Here are the pertinent parts of the Venge release plan. I highly doubt there will be a sub-SWorks model before model year 2013. I agree with PJ, though. Hopefully enough people clamor for it, so it gets made as a Pro level frame. I'll want something new by then...:aureola: 
1) March 17: S-Works + McLaren Venge will launch at the McLaren Technology Center in Surrey, England.
International media will learn development process and ride the Venge.
2) March 17: Venge microsite goes live venge.specialized.com
3) March 19: Three select athletes each from teams HTC-Highroad, Astana, and Saxo Bank will race
Milan-San Remo on S-Works + McLaren prototypes
4) Immediately following launch/race, you will start seeing news reports about the new bike
5) End of March we will launch an international ad campaign
6) May: S-Works models available
7) Fall: S-Works + McLaren model available


----------



## foofighter (Dec 19, 2008)

i was told by my buddy who works at a dealer said that there's but a 100 copies of the McLaren Venge and only the lucky will get their hands on those.


----------



## DarkoBWM (May 29, 2010)

Whoever runs Specialized's facebook just said "the Tarmac is still the stiffest when it comes to stiff-to-weight ratio.
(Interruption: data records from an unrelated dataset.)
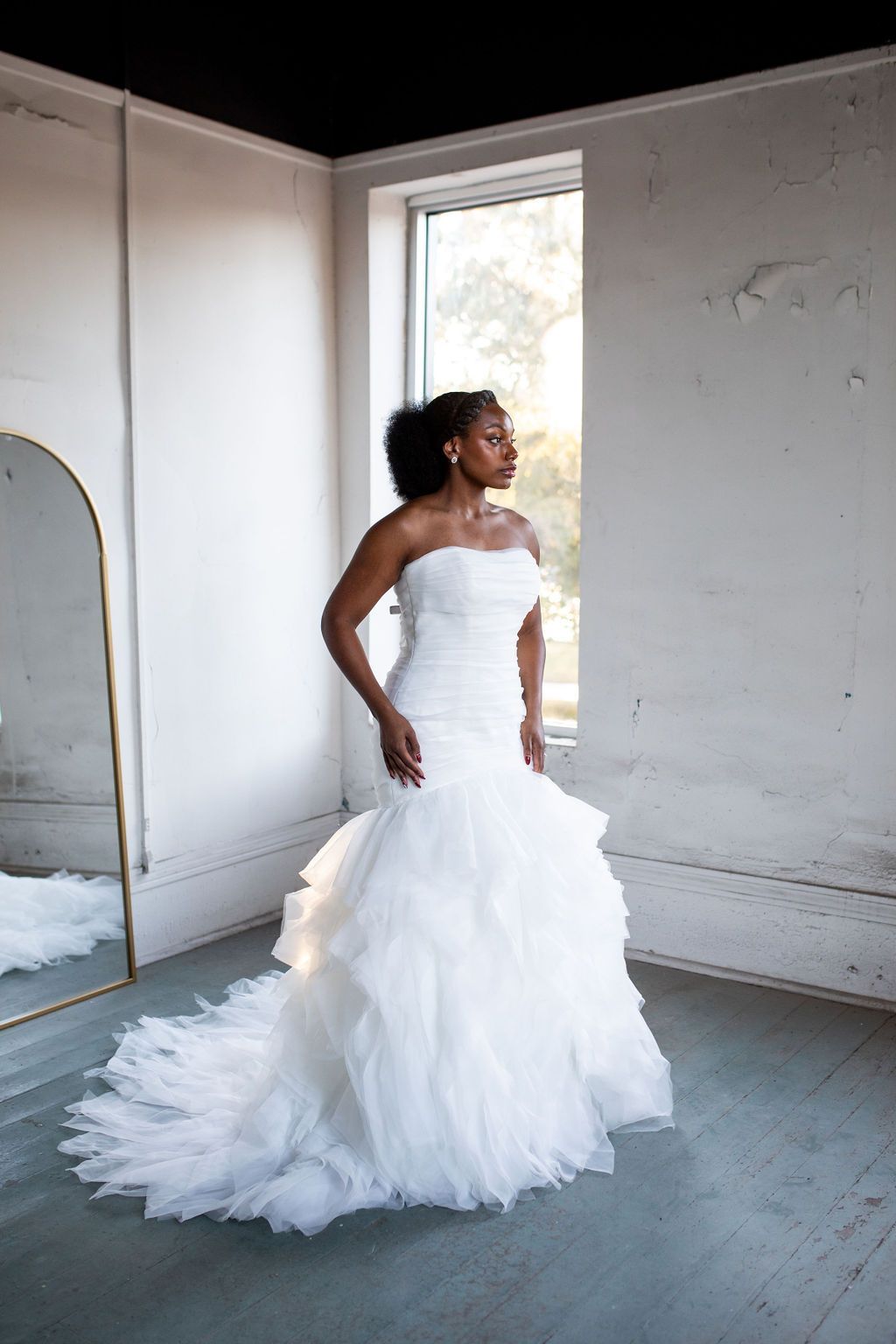 A woman in a wedding dress is standing in front of a mirror in a room.
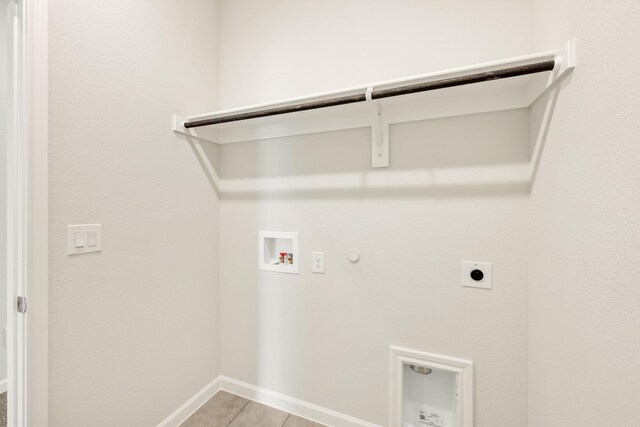 laundry room featuring laundry area, baseboards, gas dryer hookup, hookup for a washing machine, and hookup for an electric dryer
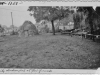 " print of tule hut and parked cars. Back says "1950 Lake Co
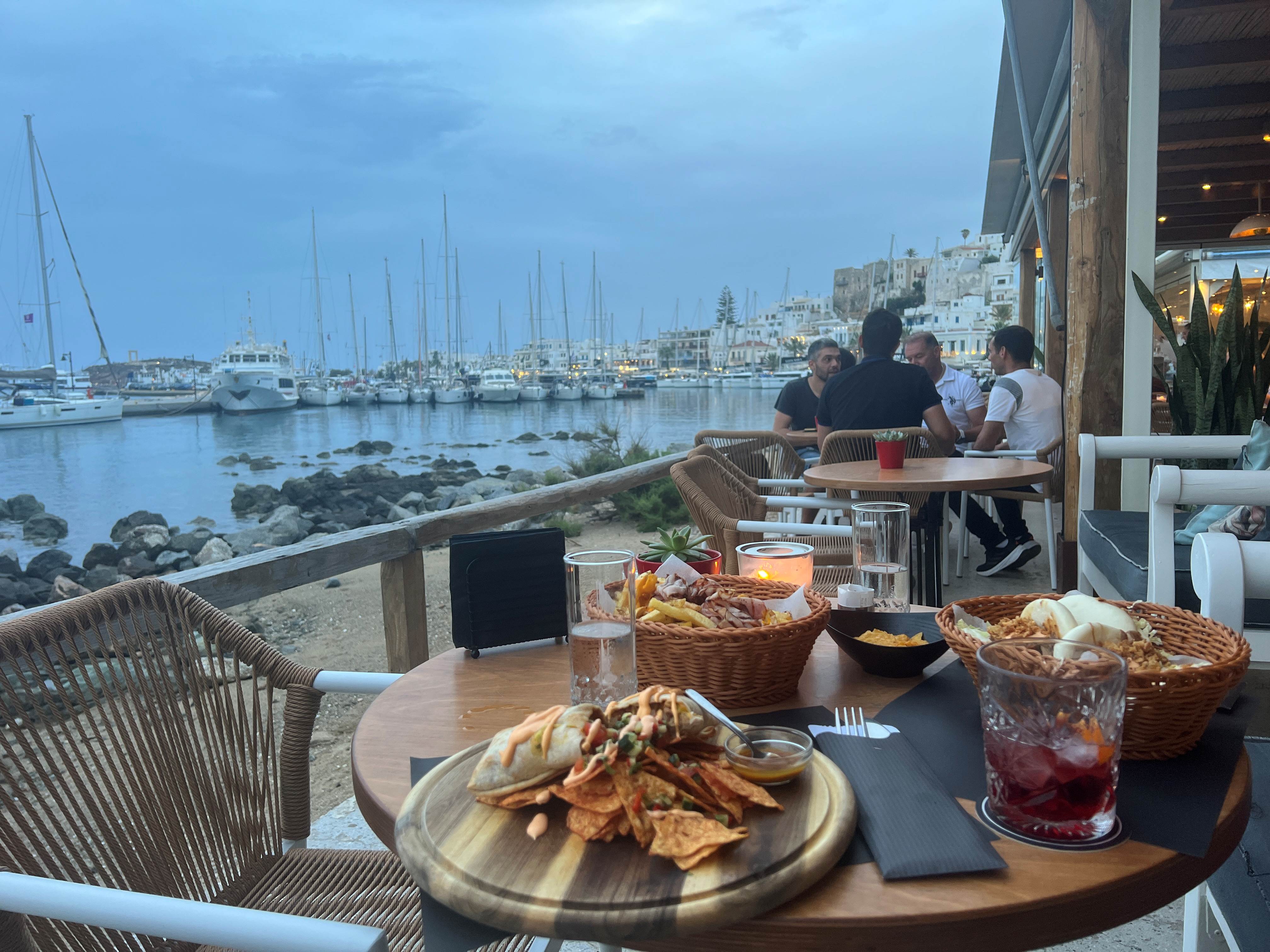 A waterfront restaurant table in Naxos Town, Greece, overlooking the harbor at dusk. The table features grilled seafood with pita bread, bread baskets, and drinks, with sailboats moored in the marina and traditional white Cycladic buildings rising up the hillside in the background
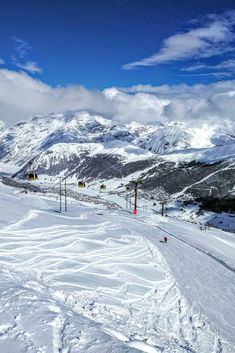 a person riding skis down a snow covered slope with mountains in the back ground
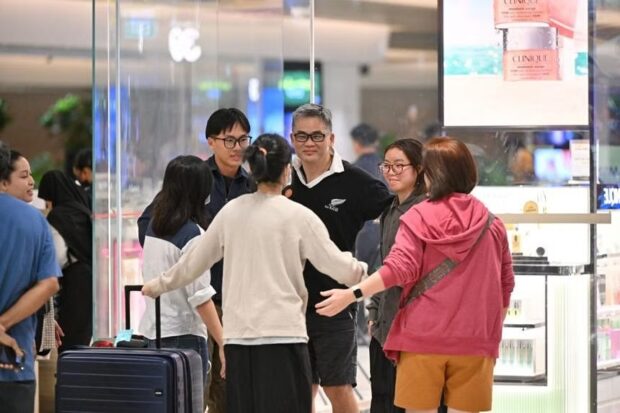 SIA relief flight with passengers and crew members of SQ321 arrives in Singapore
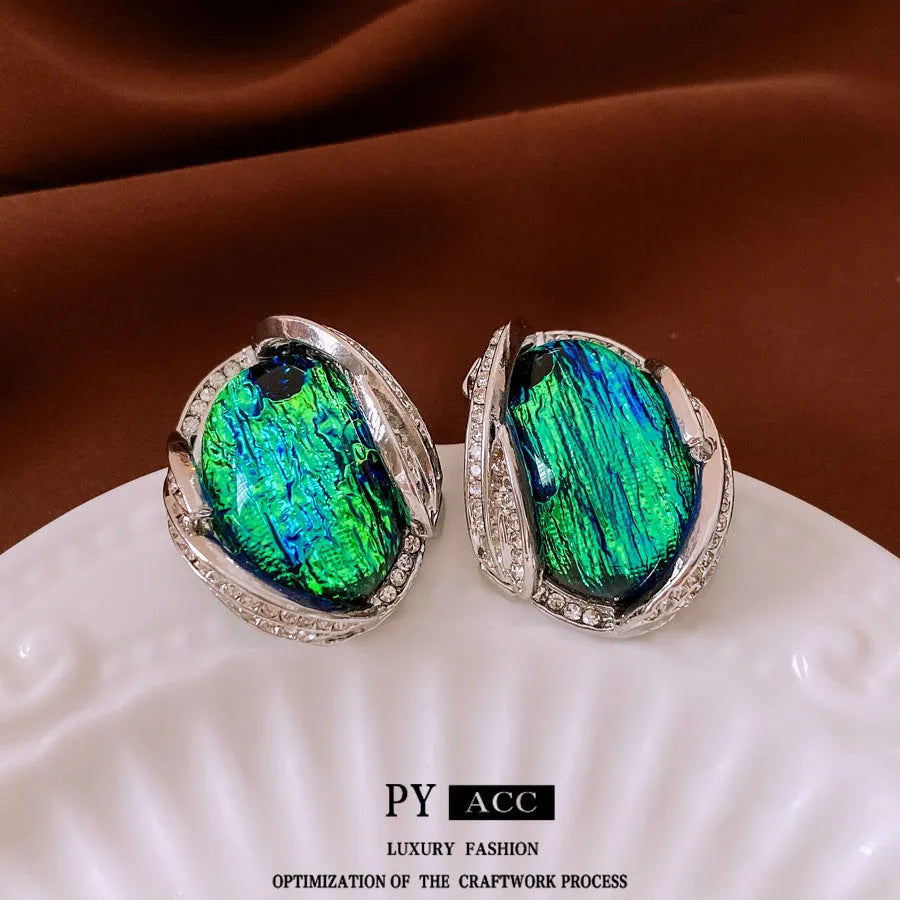 Silver resin stud earrings with rhinestone encrusting and irregular retro shape in silver needle green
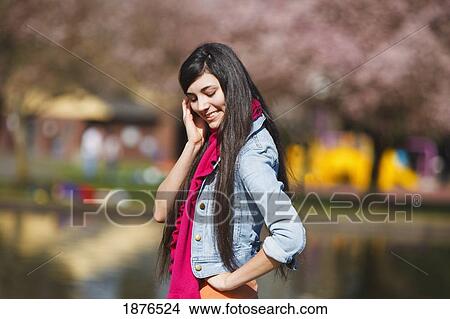 Picture - Portland, Oregon, United States Of America; A Teenage Girl Standing In Portland Park. Fotosearch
The venge is for the race who gets up front and wants the least amount of drag."

I thought that was interesting. The Venge still looks badass.


----------



## ukbloke (Sep 1, 2007)

You should be looking at deep carbon wheels before considering the Venge. There's more aero gains to be had from wheels than the frame. These factors can add up to a significant difference in a bunch sprint or time-trial, not so much at speeds less than 20mph. And you should look at your position on the bike before looking at wheels.


----------



## pdainsworth (Jun 6, 2004)

foofighter said:


> i was told by my buddy who works at a dealer said that there's but a 100 copies of the McLaren Venge and only the lucky will get their hands on those.


The very lucky and the VERY rich!


----------



## skygodmatt (May 24, 2005)

I hope ride quality doesn't suffer. 

The problem with aero posts is that they tend to beat you pretty good. 
At least that was the case with my Cervelo S2 and also on longer rides with my Giant TCR Advanced. 

Round posts are really the way to go unless they are good at designing them with flex such as on the Trek Madone.


----------